DAYMÉ AROCENA, Sonocardiogram (Brownswood): ****

The soulful Cuban jazz vocalist follow’s 2017’s acclaimed “Cubafonia” with a tastily arranged set dedicated to traditions of faith and family. Opener “Nangareo” presents Arocena speaking reverently over background chants and ocean wave sounds, invoking Santería saints or orishas “Oyá,” “Oshún” and “Yemayá” with exuberant call-and-response choruses, polyrhythmic percussion and Jorge Luis Lagarza Pérez’s elegantly melodic piano. That fluid exchange between traditional rhythms and rituals and exploratory jazz defines the album, to striking effect. Highlights: “Porque Tú No Estás,” “Menuet Para un Corazón,” “Not for Me” (“Living forever with sadness is not for me”).

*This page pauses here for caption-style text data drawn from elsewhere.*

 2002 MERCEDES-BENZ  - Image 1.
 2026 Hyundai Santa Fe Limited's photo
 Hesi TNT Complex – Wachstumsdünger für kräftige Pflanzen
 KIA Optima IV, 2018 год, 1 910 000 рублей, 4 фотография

ARIANA GILLIS, The Maze (self-released): ***

Crisply co-produced with Buddy Miller at his Nashville home studio, the Canadian singer-songwriter’s tuneful pop pulses with a sense of purpose, likely influenced by the visual concussion that upended her life for four years. Gillis’ clear, punchy alto often catches in her throat and occasionally calls to mind Alison Moyet, particularly during tougher tracks like “Dirt Gets Dirty” and the saxophone-twisted “Slow Motion Killer.” Other highlights: “Jeremy Woodstock,” “The Feeling of Empty” (“I read too much, I write too much, I think too much/ When all I’ve ever wanted is to know enough/ To fill me up”). At Wine & Song in South Pasadena Wednesday, Sept. 11.

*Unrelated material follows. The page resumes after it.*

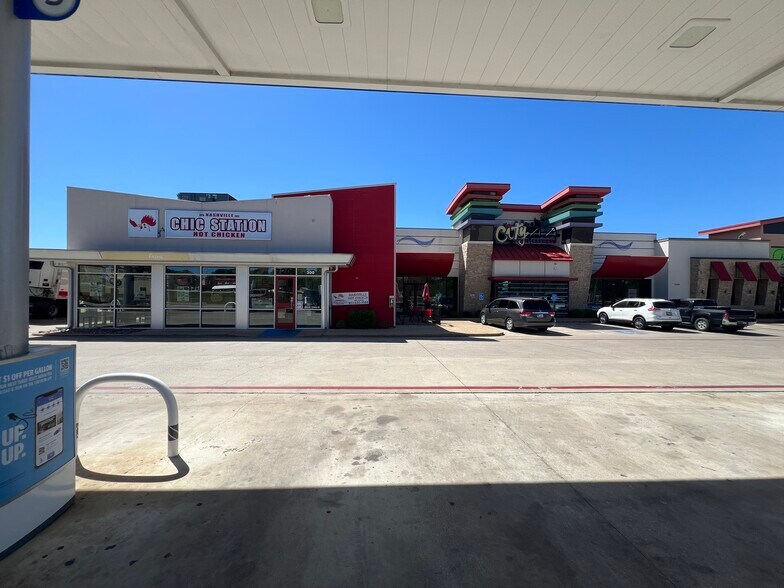 More Photos Of 7205 S Broadway Ave, Tyler Fast Food For Lease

WHITNEY, Forever Turned Around (Secretly Canadian): ***½

Drummer Julien Ehrlich and guitarist Max Kakacek sound like they were wandering around in a ’70s California haze while composing the Chicago band’s sophomore album, which serves up dreamy pop balm for headline-rattled listeners seeking respite. Echoes of Burt Bacharach and Neil Young can be discerned in the melodic curves and harmonics of tracks like the hooky “Used to Be Lonely,” “Valleys (My Love)” and the pensively hopeful “Song for Ty” (“Anything could happen”), with Ehrlich’s silken tenor sweetening thoughtful musings about the sticky catch-22s of relationships and independence.

SUNNY WAR, Shell of a Girl (Hen House): ***½

The onetime Venice busker exercises a winningly light touch as both guitarist and poet while tapping into societal pressures and hypocrisies here, beautifully braiding strands of blues, bossa nova, folk and jazz into her melodic phrases. Micah Nelson’s harmonica and Milo Gonzalez’s Dobro add atmospheric contours to tracks like “Where the Lost Get Found” and “Got No Ride” (“Turned my pain into my pride”); other highlights include the swaying “Shell” and “Drugs Are Bad” (“Unless of course you get too sad”). Worthy of the time it quietly requests.